*MATERIAL FOR THIS TASK*.
____________________

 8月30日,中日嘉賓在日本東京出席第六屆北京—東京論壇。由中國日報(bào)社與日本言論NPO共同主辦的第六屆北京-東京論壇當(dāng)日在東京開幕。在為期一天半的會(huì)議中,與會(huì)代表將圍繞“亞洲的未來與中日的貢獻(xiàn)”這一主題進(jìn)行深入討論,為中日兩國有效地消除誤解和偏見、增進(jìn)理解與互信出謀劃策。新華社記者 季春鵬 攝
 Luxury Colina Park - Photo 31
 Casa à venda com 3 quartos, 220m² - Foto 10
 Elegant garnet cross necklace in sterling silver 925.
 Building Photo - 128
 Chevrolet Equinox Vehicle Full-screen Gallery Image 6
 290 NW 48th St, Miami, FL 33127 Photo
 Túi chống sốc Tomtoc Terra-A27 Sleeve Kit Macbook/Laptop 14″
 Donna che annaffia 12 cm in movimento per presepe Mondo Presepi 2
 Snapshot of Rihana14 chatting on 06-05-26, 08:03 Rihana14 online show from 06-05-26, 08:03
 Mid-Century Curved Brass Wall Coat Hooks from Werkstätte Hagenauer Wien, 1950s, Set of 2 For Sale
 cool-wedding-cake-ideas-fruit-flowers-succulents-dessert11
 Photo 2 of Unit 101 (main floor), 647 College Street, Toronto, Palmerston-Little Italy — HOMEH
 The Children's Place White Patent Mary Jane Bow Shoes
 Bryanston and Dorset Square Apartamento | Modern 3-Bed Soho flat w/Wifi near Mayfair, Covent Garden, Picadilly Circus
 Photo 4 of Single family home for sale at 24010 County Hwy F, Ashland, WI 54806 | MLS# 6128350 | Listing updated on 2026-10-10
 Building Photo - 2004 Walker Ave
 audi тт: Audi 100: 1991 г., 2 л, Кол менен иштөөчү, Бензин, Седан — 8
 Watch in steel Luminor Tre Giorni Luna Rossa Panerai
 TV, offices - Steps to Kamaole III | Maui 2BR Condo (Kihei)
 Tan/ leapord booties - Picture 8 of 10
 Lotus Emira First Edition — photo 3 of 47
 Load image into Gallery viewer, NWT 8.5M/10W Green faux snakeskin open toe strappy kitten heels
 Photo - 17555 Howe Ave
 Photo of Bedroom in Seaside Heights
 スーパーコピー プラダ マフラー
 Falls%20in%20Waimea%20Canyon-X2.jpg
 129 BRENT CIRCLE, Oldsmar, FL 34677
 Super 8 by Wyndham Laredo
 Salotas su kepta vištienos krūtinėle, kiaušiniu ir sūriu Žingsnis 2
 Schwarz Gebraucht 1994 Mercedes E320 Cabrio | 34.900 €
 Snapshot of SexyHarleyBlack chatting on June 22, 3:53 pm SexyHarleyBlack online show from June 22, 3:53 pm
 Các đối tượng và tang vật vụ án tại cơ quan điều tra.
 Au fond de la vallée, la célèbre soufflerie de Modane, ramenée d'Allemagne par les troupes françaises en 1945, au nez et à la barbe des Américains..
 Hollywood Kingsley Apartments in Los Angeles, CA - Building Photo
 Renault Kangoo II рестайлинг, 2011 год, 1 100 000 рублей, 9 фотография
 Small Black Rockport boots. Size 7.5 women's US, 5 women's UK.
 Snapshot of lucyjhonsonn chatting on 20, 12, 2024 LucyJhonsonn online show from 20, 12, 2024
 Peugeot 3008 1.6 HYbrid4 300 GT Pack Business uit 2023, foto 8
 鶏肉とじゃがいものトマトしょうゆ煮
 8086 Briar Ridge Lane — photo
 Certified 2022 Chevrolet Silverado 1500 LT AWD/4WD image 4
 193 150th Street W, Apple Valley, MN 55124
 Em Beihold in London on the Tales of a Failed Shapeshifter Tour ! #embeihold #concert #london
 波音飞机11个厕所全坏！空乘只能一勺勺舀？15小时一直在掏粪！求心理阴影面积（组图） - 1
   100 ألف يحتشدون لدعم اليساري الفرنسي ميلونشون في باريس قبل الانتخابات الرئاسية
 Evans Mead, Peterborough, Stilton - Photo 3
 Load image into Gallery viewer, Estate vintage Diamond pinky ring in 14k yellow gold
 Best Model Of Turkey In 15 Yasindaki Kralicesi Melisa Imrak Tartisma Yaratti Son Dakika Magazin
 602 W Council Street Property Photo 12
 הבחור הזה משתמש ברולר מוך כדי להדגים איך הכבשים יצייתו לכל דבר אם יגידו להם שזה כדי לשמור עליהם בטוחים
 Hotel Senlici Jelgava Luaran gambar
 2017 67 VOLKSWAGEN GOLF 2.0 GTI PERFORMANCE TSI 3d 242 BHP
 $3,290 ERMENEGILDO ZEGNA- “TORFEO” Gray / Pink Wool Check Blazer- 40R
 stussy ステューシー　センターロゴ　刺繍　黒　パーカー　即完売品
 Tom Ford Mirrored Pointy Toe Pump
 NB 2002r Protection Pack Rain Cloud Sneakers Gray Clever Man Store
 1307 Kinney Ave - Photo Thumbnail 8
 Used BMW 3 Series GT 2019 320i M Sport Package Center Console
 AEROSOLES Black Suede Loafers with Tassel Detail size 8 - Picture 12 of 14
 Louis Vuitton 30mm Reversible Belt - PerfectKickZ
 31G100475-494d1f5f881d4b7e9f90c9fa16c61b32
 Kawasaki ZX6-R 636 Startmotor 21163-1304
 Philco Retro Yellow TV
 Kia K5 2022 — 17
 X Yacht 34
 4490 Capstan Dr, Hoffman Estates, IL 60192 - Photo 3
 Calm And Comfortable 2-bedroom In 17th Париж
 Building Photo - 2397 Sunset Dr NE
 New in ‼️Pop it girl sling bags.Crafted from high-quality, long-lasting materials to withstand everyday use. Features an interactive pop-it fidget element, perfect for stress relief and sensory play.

____________________

*WHAT TO WORK ON*. Once the line containing "Mid-Century Curved Brass" has been retyped, stop. Begin at the first line of the material and reproduce every line up to it exactly.

*WRITTEN REPLY*.
 8月30日,中日嘉賓在日本東京出席第六屆北京—東京論壇。由中國日報(bào)社與日本言論NPO共同主辦的第六屆北京-東京論壇當(dāng)日在東京開幕。在為期一天半的會(huì)議中,與會(huì)代表將圍繞“亞洲的未來與中日的貢獻(xiàn)”這一主題進(jìn)行深入討論,為中日兩國有效地消除誤解和偏見、增進(jìn)理解與互信出謀劃策。新華社記者 季春鵬 攝
 Luxury Colina Park - Photo 31
 Casa à venda com 3 quartos, 220m² - Foto 10
 Elegant garnet cross necklace in sterling silver 925.
 Building Photo - 128
 Chevrolet Equinox Vehicle Full-screen Gallery Image 6
 290 NW 48th St, Miami, FL 33127 Photo
 Túi chống sốc Tomtoc Terra-A27 Sleeve Kit Macbook/Laptop 14″
 Donna che annaffia 12 cm in movimento per presepe Mondo Presepi 2
 Snapshot of Rihana14 chatting on 06-05-26, 08:03 Rihana14 online show from 06-05-26, 08:03
 Mid-Century Curved Brass Wall Coat Hooks from Werkstätte Hagenauer Wien, 1950s, Set of 2 For Sale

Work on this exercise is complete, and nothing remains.